Местный акцент, о котором я упомянул, был в его речи едва заметен, да и сама речь ничего не имела общего с варварской тарабарщиной хозяйки «Красного быка». Дядюшка Тэнбуи говорил гладко и грамотно, как и подобает фермеру, торгующему своим товаром и переезжающему из одного города в другой, местный выговор придавал его словам лишь особый колорит и необыкновенно шел ему. Лишись он его, он потерял бы многое.

Я искренне сказал ему, что буду счастлив отправиться с ним в путешествие, и добавил:

— Вы упомянули о тумане? Смотрите, он уже поднимается, — и указал на голубоватые струйки, что заклубились на горизонте сразу же, как только спряталось солнце и погасли ярко-розовые отсветы. — Думаю, благоразумнее нам не медлить и поскорее пуститься в путь.

— Что правда, то правда, — согласился он. — Самое время сниматься с якоря, как говорят моряки. Моя Белянка наужиналась, и не пройдет минутки, как я буду в вашем распоряжении. Матушка Жиге, — тут голос его обрел силу и властность, — сколько мы с Белянкой вам задолжали?

Он опустил руку в карманчик кожаного пояса, какие носят обычно пастухи долины Ож, и расплатился с хозяйкой. Старуха все это время так и простояла на пороге, не двигаясь, глядя на него приоткрыв рот. Расплатившись, дядюшка Тэнбуи отправился за Белянкой. Кобылка оказалась достойной своего имени — белее молока, которое словно бы налили в миску, потому как до живота ее залепила грязь. Мой жеребчик был Белянке подходящей парой, и у кавалера грязь тоже доходила до самого брюха. Ужинала кобылка с другой стороны трактира, привязанная к кольцу, вделанному в стену, потому-то из-за угла я ее и не заметил. Заслышав голос хозяина, она ответила громким ржаньем и с какой-то яростной веселостью громко забила копытом.

Дядюшка Тэнбуи свернул потуже синий плащ, притороченный к седлу, отвязал кобылку и взлетел ей на спину с той легкостью, что дается только многолетней привычкой. Горделивая его выправка сделала бы честь любому заправскому наезднику. В своей жизни я повидал немало удальцов, но такого удалого ни разу! Оказавшись в седле, Тэнбуи крепко стиснул коленями бока Белянки, и она взвилась на дыбы.

— Вот вам и подтверждение, — с дикарской гордостью сына норманнов улыбнулся фермер, — теперь вы и сами видите, что кнутом я управлюсь с любым разбойником.

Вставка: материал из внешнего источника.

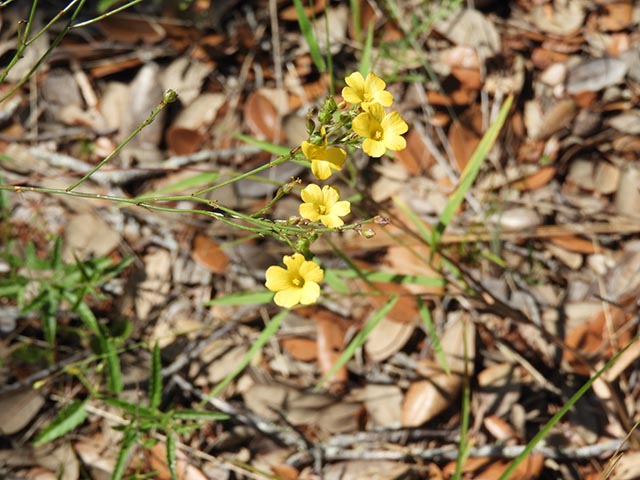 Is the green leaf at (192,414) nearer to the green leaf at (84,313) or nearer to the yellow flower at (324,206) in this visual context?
the green leaf at (84,313)

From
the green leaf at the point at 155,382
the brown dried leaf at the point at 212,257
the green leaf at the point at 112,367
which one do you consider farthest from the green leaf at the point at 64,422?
the brown dried leaf at the point at 212,257

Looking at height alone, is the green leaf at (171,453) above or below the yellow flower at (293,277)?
below

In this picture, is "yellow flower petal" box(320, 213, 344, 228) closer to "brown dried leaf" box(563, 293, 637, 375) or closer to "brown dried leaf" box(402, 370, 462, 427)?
"brown dried leaf" box(402, 370, 462, 427)

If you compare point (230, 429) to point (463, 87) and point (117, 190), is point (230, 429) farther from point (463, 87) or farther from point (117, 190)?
point (463, 87)

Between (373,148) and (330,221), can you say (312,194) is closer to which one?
(330,221)

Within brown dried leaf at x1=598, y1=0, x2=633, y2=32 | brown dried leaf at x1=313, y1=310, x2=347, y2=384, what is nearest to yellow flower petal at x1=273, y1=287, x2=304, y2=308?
brown dried leaf at x1=313, y1=310, x2=347, y2=384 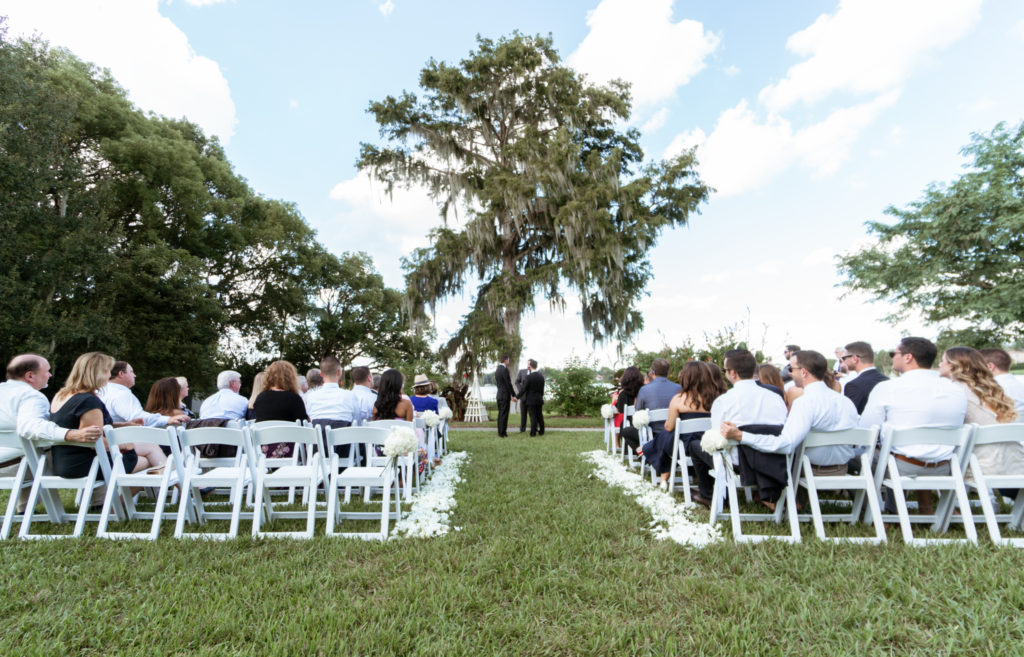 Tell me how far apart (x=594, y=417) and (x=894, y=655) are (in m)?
15.0

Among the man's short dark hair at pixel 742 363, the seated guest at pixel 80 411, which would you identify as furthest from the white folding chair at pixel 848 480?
the seated guest at pixel 80 411

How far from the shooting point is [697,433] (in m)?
5.36

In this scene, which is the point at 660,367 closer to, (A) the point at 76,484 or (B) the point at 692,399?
(B) the point at 692,399

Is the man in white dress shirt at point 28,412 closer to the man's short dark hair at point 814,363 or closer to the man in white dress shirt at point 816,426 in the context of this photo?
the man in white dress shirt at point 816,426

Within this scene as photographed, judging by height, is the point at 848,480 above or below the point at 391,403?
below

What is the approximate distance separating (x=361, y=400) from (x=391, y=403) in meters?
0.43

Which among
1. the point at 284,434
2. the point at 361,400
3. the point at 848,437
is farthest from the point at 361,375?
the point at 848,437

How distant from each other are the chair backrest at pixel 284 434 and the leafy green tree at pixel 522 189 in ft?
48.3

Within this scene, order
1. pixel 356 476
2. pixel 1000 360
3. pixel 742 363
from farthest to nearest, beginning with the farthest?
pixel 1000 360 < pixel 742 363 < pixel 356 476

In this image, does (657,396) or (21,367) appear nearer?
(21,367)

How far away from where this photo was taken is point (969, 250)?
2472 cm

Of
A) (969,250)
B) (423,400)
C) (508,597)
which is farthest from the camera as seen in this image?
(969,250)

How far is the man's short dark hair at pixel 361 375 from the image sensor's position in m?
6.73

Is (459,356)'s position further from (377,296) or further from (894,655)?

Следуя примеру дядюшки Тэнбуи, я тоже расплатился с хозяйкой «Красного быка» и тоже вскочил в седло.

И вот мы рядышком, как обещал мой спутник, въехали на овеянную мрачной славой пустошь Лессе, и в мглистых осенних сумерках она показалась нам куда мрачнее своей славы.

II

Стоит повернуться к «Красному быку» спиной и оставить позади себя проселок, как увидишь перед собой пустошь, а на ней множество тропок — поначалу они бегут почти параллельно, словно полоски зебры, а потом расходятся все дальше и дальше, направляясь каждая к своей далекой цели. Тропки эти поначалу очень отчетливы, но по мере того, как углубляешься в ланды, сбиваются, исчезают, так что не разглядишь их и средь бела дня. Оглянешься — а вокруг пустошь, одна только пустошь! Тропка исчезла. Вот она, опасность, всегда подстерегающая путника! Нечаянно шагнешь в сторону, отклонишься невольно от взятого направления, и ты уже будто корабль без компаса, ты во власти неизбежного, обречен на блуждания, повороты, круги… В конце концов ты, конечно, доберешься до противоположного края, но — увы! — очень далеко от того места, куда направлялся. Подобная опасность подстерегает на любой равнине, где глазу не за что зацепиться, где взгляд блуждает в пустоте, где нет ни деревца, ни кустика, ни пригорка, чтобы опознать местность и выйти на правильную дорогу. О заплутавшемся на пустоши путнике котантенские крестьяне говорят, что «ходит он по дурной траве», подразумевая скрытое и недоброе колдовство, и, судя по этому своеобразному и яркому выражению, вполне довольны ощущением таинственности происходящего.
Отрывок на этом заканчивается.